The growing demand for cheap and sustainable energy constitutes one of the major challenge of our century. Nuclear fusion has the potential to cover the energy needs of the world’s population and can provide a clean, secure and viable option to replace fossil energy sources. Fusion is a virtually unlimited energy source as sufficient fuel (deuterium) is available in our oceans and tritium can be retained from lithium, which is available in our Earth’s crust. A promising route to a nuclear fusion power plant is the use of toroidal magnetic fields in order to confine a high-temperature plasma with fusion-relevant properties, i.e. sufficient particle density and temperature. A large international effort is undertaken to develop the ITER project.

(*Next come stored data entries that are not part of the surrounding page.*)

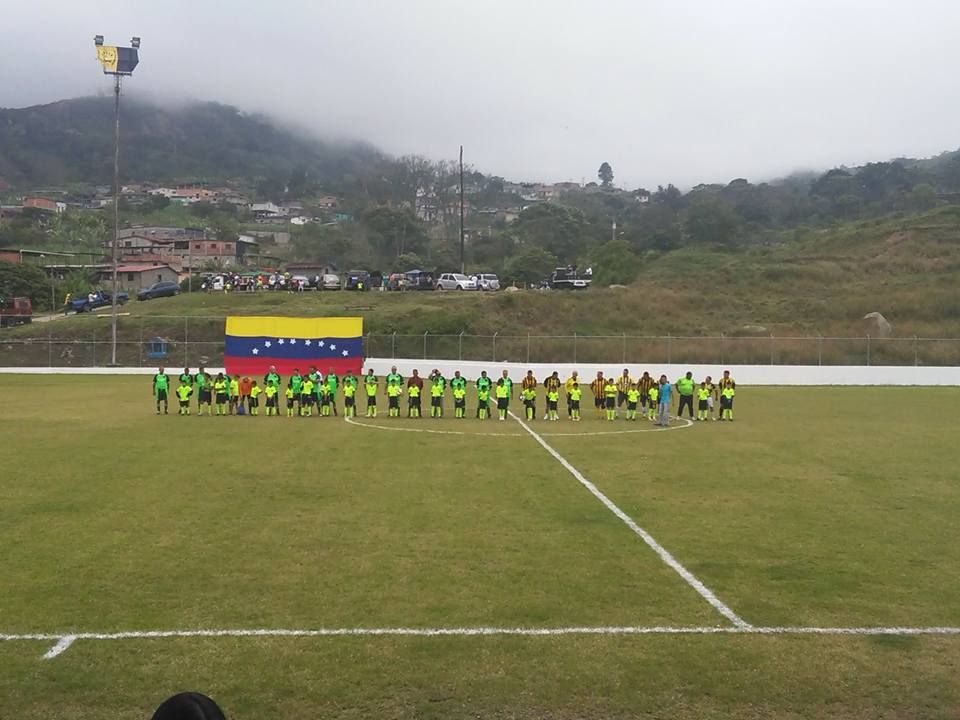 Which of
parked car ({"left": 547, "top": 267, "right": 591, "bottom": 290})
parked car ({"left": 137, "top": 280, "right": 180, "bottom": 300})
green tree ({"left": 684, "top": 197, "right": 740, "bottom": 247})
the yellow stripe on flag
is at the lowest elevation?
the yellow stripe on flag

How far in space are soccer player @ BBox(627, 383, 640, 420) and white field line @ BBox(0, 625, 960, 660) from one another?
18317mm

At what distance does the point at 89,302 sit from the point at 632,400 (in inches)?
1925

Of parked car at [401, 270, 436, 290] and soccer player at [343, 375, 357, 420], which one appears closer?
soccer player at [343, 375, 357, 420]

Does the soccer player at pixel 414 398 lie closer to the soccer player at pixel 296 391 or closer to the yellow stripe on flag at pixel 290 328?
the soccer player at pixel 296 391

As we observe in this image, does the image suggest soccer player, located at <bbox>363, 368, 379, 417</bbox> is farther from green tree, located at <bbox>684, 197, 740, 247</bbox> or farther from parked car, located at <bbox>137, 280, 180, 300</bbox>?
green tree, located at <bbox>684, 197, 740, 247</bbox>

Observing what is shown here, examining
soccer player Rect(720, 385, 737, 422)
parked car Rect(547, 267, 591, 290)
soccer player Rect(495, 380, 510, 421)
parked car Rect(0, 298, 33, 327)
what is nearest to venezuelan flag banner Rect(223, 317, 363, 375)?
soccer player Rect(495, 380, 510, 421)

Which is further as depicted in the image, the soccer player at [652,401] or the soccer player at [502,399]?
the soccer player at [652,401]

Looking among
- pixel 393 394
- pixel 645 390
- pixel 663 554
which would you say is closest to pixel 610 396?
pixel 645 390

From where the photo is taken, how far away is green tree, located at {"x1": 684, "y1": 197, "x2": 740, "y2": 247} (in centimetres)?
9706

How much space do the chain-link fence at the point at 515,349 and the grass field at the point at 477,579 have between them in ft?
85.7

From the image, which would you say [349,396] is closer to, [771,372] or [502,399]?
[502,399]

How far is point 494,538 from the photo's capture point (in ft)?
34.0

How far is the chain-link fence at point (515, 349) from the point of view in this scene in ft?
144

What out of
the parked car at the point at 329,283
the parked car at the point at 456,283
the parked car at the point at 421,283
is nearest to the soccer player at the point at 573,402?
the parked car at the point at 456,283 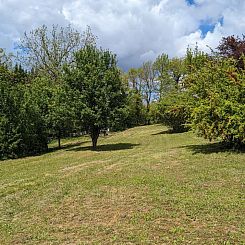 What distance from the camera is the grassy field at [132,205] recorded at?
5.79 metres

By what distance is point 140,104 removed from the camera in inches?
2156

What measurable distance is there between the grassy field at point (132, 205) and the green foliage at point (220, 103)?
1.63 metres

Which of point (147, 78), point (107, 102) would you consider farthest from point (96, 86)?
point (147, 78)

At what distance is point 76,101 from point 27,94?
5.87 m

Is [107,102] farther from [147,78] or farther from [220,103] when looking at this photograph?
[147,78]

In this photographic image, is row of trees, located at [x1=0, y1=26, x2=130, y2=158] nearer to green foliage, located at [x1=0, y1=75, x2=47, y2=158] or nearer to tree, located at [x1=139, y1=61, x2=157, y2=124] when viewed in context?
green foliage, located at [x1=0, y1=75, x2=47, y2=158]

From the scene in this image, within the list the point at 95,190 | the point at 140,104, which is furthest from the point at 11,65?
the point at 95,190

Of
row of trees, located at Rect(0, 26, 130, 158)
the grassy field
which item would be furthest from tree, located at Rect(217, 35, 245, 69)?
the grassy field

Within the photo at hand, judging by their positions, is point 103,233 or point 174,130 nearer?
point 103,233

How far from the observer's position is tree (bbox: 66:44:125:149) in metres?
19.8

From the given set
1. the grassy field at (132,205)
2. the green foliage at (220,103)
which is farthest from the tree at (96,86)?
the grassy field at (132,205)

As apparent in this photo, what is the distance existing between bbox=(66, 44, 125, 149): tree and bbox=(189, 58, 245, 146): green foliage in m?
6.63

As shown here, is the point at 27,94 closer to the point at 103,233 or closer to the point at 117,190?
the point at 117,190

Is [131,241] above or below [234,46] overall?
below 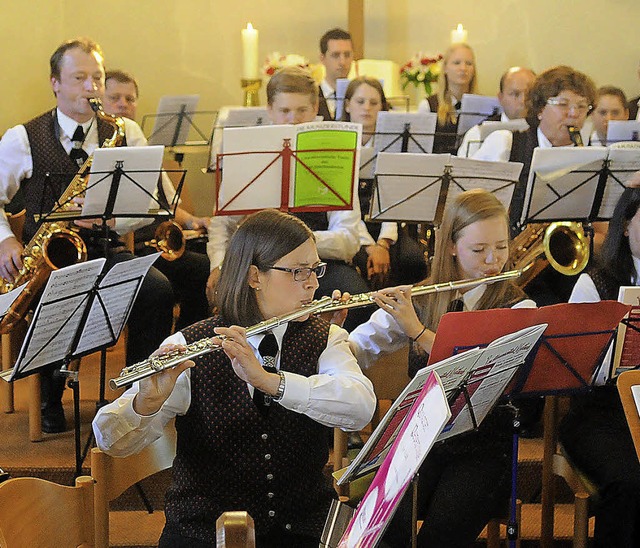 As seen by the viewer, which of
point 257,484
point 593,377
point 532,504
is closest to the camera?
point 257,484

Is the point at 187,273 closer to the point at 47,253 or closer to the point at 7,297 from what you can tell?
the point at 47,253

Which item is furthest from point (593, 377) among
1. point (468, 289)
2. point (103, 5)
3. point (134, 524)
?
point (103, 5)

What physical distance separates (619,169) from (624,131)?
0.74 meters

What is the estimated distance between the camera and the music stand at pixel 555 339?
224cm

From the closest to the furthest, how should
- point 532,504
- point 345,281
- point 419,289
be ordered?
point 419,289, point 532,504, point 345,281

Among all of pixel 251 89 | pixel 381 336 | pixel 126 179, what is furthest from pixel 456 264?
pixel 251 89

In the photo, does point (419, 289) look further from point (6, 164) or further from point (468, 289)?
point (6, 164)

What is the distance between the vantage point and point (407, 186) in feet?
13.2

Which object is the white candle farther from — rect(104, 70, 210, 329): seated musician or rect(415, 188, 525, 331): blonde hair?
rect(415, 188, 525, 331): blonde hair

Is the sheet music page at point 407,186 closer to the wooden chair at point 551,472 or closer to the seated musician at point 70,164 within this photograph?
the seated musician at point 70,164

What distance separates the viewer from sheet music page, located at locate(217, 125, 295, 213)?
375 cm

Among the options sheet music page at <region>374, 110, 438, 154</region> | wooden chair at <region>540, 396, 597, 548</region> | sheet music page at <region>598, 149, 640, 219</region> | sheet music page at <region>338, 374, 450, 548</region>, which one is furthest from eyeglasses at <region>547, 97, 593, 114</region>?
sheet music page at <region>338, 374, 450, 548</region>

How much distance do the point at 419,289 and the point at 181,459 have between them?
2.67 feet

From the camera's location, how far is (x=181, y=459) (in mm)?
2283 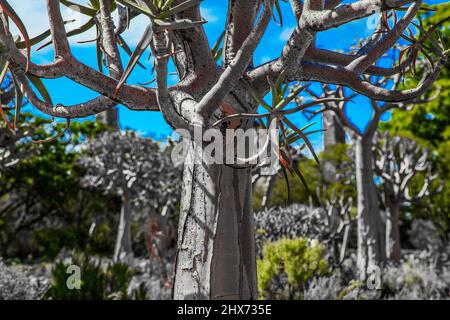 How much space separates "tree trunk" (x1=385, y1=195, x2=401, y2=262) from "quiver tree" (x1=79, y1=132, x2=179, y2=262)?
17.8 ft

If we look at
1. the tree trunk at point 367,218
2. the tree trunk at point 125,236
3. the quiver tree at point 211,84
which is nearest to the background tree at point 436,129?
the tree trunk at point 367,218

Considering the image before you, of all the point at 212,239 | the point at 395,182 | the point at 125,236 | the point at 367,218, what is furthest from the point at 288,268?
the point at 125,236

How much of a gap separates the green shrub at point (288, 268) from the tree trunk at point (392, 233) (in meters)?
4.43

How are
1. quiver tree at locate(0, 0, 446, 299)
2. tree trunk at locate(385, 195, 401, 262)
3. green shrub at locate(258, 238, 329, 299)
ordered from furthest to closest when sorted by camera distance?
tree trunk at locate(385, 195, 401, 262), green shrub at locate(258, 238, 329, 299), quiver tree at locate(0, 0, 446, 299)

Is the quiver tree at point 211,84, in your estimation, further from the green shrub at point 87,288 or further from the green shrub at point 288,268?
the green shrub at point 288,268

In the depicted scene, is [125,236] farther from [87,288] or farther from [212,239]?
[212,239]

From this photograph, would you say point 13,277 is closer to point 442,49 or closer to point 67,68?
point 67,68

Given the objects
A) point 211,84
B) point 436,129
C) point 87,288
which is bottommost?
point 87,288

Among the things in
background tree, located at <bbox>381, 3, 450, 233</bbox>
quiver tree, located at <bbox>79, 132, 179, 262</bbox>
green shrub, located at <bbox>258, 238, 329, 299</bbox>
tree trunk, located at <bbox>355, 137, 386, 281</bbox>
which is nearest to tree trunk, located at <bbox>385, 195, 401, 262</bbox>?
tree trunk, located at <bbox>355, 137, 386, 281</bbox>

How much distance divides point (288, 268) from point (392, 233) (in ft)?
16.6

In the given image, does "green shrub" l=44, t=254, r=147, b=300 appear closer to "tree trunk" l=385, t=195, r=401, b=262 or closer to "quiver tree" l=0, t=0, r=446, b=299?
"quiver tree" l=0, t=0, r=446, b=299

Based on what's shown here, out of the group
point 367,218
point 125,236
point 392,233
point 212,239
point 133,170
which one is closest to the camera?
point 212,239

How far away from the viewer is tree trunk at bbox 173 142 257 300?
240 cm

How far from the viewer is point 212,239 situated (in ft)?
7.91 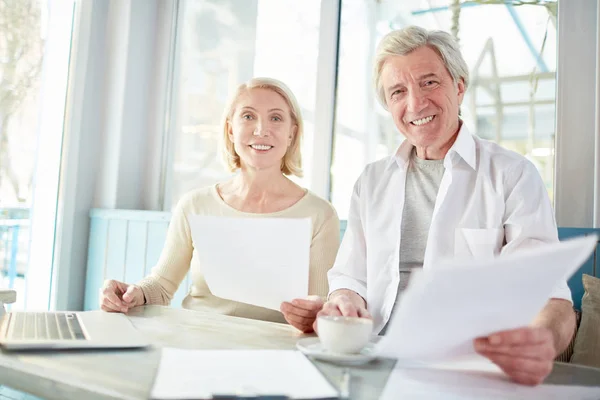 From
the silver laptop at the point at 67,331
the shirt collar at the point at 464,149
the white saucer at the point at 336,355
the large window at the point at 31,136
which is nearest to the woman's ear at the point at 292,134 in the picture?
the shirt collar at the point at 464,149

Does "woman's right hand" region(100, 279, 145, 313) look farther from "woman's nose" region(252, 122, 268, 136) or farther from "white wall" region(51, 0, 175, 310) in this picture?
"white wall" region(51, 0, 175, 310)

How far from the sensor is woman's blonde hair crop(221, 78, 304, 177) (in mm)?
1680

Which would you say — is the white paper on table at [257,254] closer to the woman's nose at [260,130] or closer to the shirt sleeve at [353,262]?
the shirt sleeve at [353,262]

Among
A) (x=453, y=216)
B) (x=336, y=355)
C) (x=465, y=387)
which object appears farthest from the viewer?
(x=453, y=216)

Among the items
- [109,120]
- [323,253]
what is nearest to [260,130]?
[323,253]

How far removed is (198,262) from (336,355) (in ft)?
2.73

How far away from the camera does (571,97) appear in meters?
1.72

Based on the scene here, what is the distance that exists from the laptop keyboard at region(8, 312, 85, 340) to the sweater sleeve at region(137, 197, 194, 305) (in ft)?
1.22

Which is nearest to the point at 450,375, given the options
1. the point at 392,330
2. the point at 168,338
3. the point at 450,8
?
the point at 392,330

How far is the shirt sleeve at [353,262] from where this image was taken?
4.16ft

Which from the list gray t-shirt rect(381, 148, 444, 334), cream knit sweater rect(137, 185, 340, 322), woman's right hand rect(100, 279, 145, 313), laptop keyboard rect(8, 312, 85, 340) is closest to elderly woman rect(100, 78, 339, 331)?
cream knit sweater rect(137, 185, 340, 322)

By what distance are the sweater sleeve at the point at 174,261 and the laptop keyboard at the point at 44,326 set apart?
1.22 feet

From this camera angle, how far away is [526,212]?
1.09 m

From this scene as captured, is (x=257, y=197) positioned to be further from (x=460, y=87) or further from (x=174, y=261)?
(x=460, y=87) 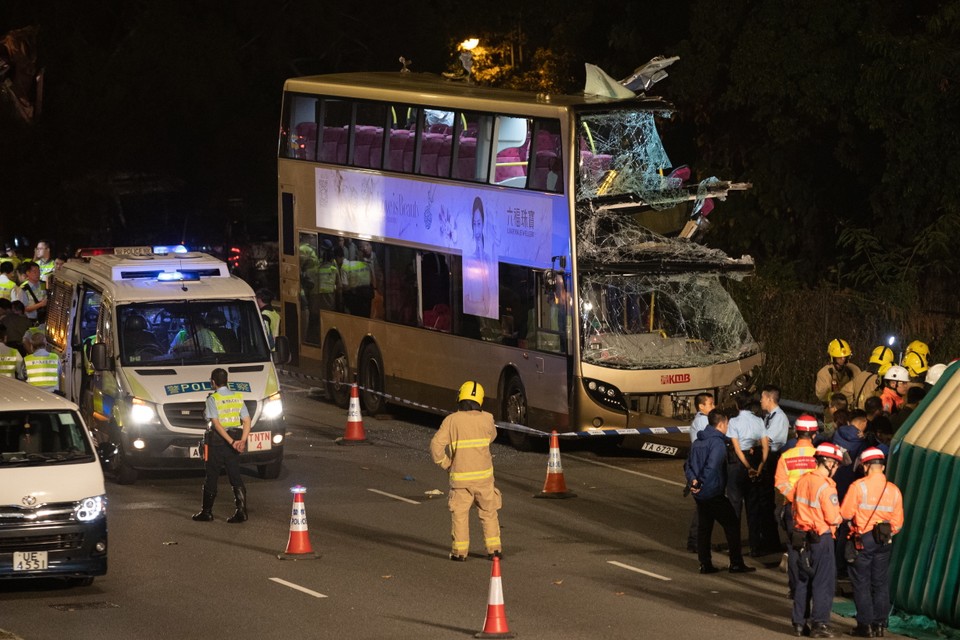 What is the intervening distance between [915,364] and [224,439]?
7.16 m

Magnetohydrodynamic (MHD) instabilities are a universal phenomenon in laboratory as well as astrophysical plasmas. An example for such an instability is the edge localized mode (ELM) which occurs at the plasma edge of a fusion plasma and ejects a jet of hot plasma similar to solar flares on the edge of the Sun. ELMs appear during a mode of tokamak operation in which energy is retained more effectively and pressure builds up at the edge of the plasma. This mode of operation is also called high confinement mode (H-mode) and is the operational regime foreseen for the next-step fusion device ITER. ELMs eject particles and energy from the plasma thus leading to a transient degradation of the plasma edge and a deterioration of plasma confinement. The successful realization of fusion relies, therefore, in a thorough understanding of edge stability and ELM control. For future fusion devices, the control or even full suppression of ELMs is mandatory.
The overall objective of this project is to advance in the understanding of ELMs and the impact they have on plasma transport.